3442 entry daha
  • dünya tarihinin en orjinal, dizi tarihinin de en muhteşem hikayelerinden biri olmasına rağmen başta benedict cumberbatch'in "programımız çok yoğun" ihanetine maruz kalan efsanevi yapımdır.

    ihanet dememin sebebi benedict cumberbatch'in sherlock'u ve martin freeman'ın john watson'ı ilk bölümden itibaren içimize o denli sinmişti ki, karakter gelişimlerinden mycroft holmes, lestrade, mrs hudson ve hatta moriarty gibi diğer rollere kadar artık yerine koyacak yeni bir sherlock bulmak çok ama çok zor olacak.

    iki diziyi de izleyenler için örnek vermem gerekirse braking bad'de 3ncü sezondan sonra bryan cranston yerine farklı tipte bir haisenberg izleseydiniz içinize siner miydi? kevin spacey olmadan house of cards'ın halini gördük.
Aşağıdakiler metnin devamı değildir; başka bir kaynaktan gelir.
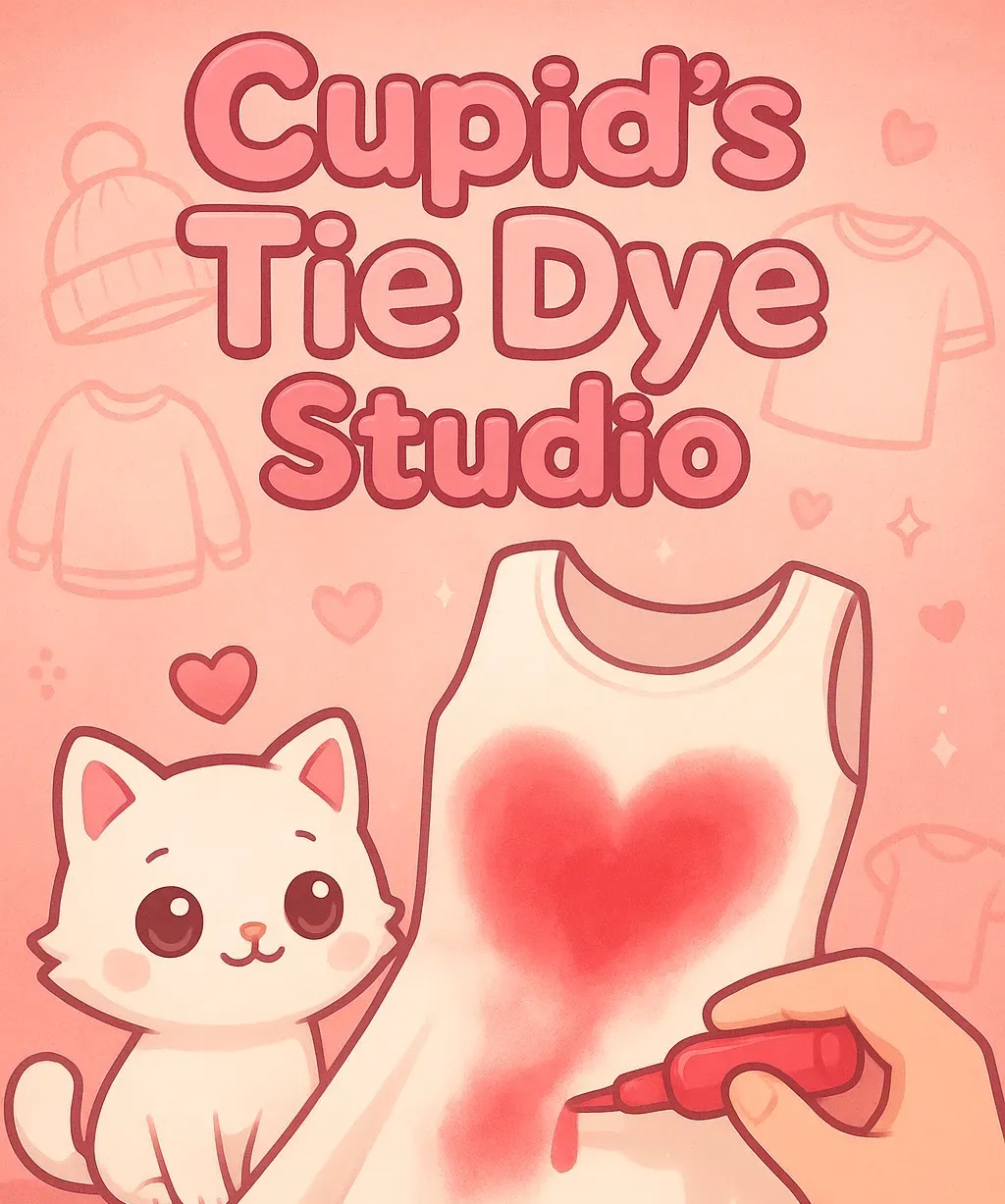 Cupid Tie Dye Studio artwork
    daha ilk sezonun ilk bölümünden dizi içine çekmeye başlıyor. sherlock ve john'un tanışmaları, birlikte eve çıkmaları, watson'ın doktorluk ve sherlock arasında bocalamaları, herkes tarafından gay sanılacak kadar yakınlıkları, bu sebepten watson'ın sürekli bir ilişki arayışı içinde olması, mary ile tanışma, sherlock ve abisinin zeka çarpışmaları, lestrade hariç tüm teşkilatın sherlock'tan nefreti, aptallıklarını düşünmeden insanların yüzüne vuracak kadar net olan sherlock profili, danışman dedektif karşısındaki danışman suçlu profili moriarty gibi tüm karakterlerin gözünüzde canlandığı bir yapımdı.

    yazık ettiler.
    programımız yoğun, ailemize vakit ayıracağız diyen adamlar avengers, hobbit filan gibi beşyüzmilyon yapımda rol aldılar.

    bize de eski bölümleri açıp açıp tekrar izlemek kaldı.